## Assigned task
Each line of the listing, apart from the pictures, is to be printed exactly.

## Raw data
>>>>>

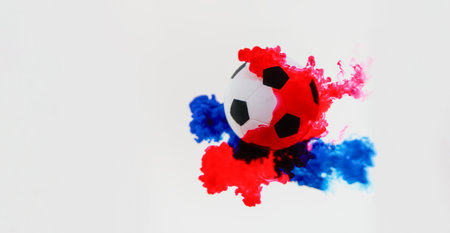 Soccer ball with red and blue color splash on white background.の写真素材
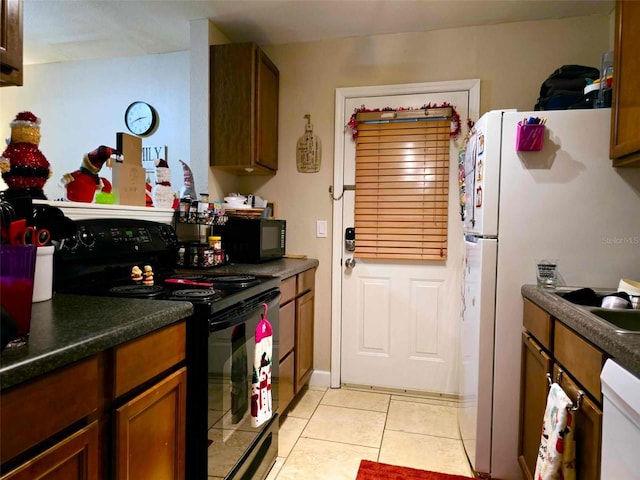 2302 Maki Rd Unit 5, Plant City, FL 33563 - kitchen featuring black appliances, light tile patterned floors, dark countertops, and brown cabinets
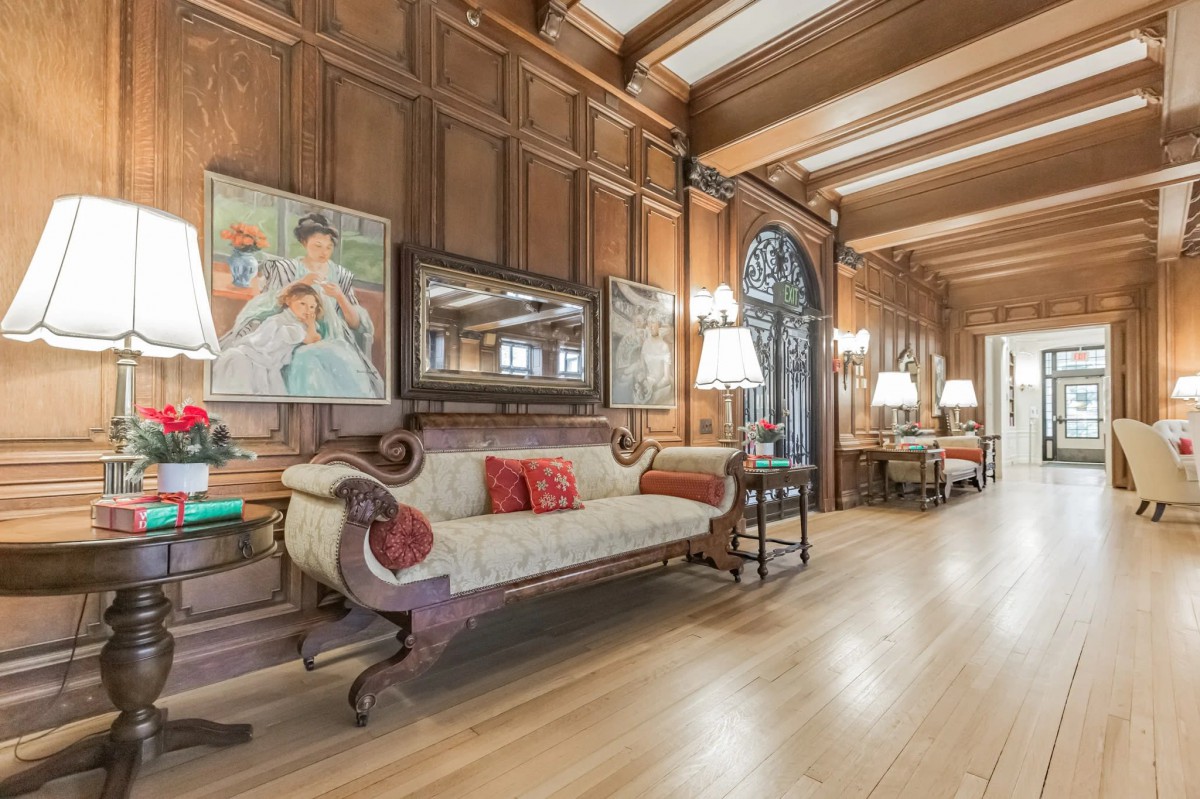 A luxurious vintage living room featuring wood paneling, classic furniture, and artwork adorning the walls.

<<<<<

## Written response
 Soccer ball with red and blue color splash on white background.の写真素材
 2302 Maki Rd Unit 5, Plant City, FL 33563 - kitchen featuring black appliances, light tile patterned floors, dark countertops, and brown cabinets
 A luxurious vintage living room featuring wood paneling, classic furniture, and artwork adorning the walls.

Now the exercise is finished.